Il decreto asset, approvato il 4 ottobre alla Camera, ha chiuso l’iter del provvedimento finito nel mirino degli esponenti del settore bancario e della stessa Banca centrale europea. Nella sua versione definitiva, l’imposta straordinaria sugli extra profitti metterà le amministrazioni delle banche di fronte a un bivio: o pagare l’imposta allo Stato o rafforzare il patrimonio per un ammontare pari a 2,5 volte di quello che sarebbe l’importo.
Dal momento che la tassa viene calcolata in proporzione variabile, a seconda dell’andamento dei profitti, e offre un’alternativa al suo effettivo pagamento, non è stato possibile per la Ragioneria di Stato fare una previsione di quello che sarà il suo gettito. Ma non è tutto.
Per gli stessi consigli d’amministrazione pagare l’imposta anziché rafforzare il capitale potrebbe essere una giudicata una scelta lesiva degli interessi degli azionisti, che potrebbero decidere di sfidare legalmente tale decisione.
Pochi incentivi a pagare effettivamente la tassa
Secondo una nota di Mediobanca del 4 ottobre, le banche dovrebbero essere in grado di evitare il pagamento della tassa prevista dal governo, essendo in grado di “accumulare riserve sufficienti per evitare l’imposta” e “allo stesso tempo mettere in pratica i loro piani sulla distribuzione dei dividendi”.

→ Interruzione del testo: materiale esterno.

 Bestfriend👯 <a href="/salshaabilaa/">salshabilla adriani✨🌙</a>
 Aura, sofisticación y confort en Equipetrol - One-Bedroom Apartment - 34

Mentre Mps è per ora l’unica banca ad aver fatto capire che opterà per il rafforzamento di capitale, Mediobanca afferma che si potrebbe “ipotizzare un potenziale rischio legale per le banche che decideranno per il pagamento dell’imposta, pur avendo la possibilità di non pagarla”. Possibilità che si apre nel momento in cui i profitti sono tali da consentire un rafforzamento di capitale pari a 2,5 volte il costo dell’imposta.

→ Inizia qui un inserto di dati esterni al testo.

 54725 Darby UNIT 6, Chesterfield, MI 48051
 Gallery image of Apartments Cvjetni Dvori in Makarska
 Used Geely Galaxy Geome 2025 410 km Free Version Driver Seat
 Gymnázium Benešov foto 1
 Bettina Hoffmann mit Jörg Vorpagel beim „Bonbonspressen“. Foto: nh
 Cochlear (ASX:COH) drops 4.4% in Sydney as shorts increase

Con queste premesse, l’idea che l’imposta straordinaria sulle banche possa aiutare il governo a far tornare i conti appare sempre più lontana, visto che, nella sua formulazione definitiva, l’imposta avrà “un gettito fiscale dalla tassa sulle banche inferiore a quello inizialmente previsto”, ha previsto Mediobanca. La presidente del Consiglio, Giorgia Meloni, aveva dichiarato di attendersi fino a 3 miliardi di gettito dall’imposta straordinaria.
L’imposta sugli extra profitti, come funziona
Nella sua versione approvata dal parlamento, la tassa sugli extraprofitti preleverà un’aliquota pari al 40% della differenza osservata nel margine di interesse fra il 2021 e il 2023 per la parte eccedente il 10%. La somma dovuta non potrà superare lo 0,26% delle attività ponderate per il rischio. In alternativa, le banche potranno incrementare il proprio capitale per un importo pari a 2,5 volte la tassa. Tali riserve non potranno essere distribuite sotto forma di dividendi, se non pagando l’imposta prevista in origine, maggiorata per il tasso d’interesse sui depositi della Bce.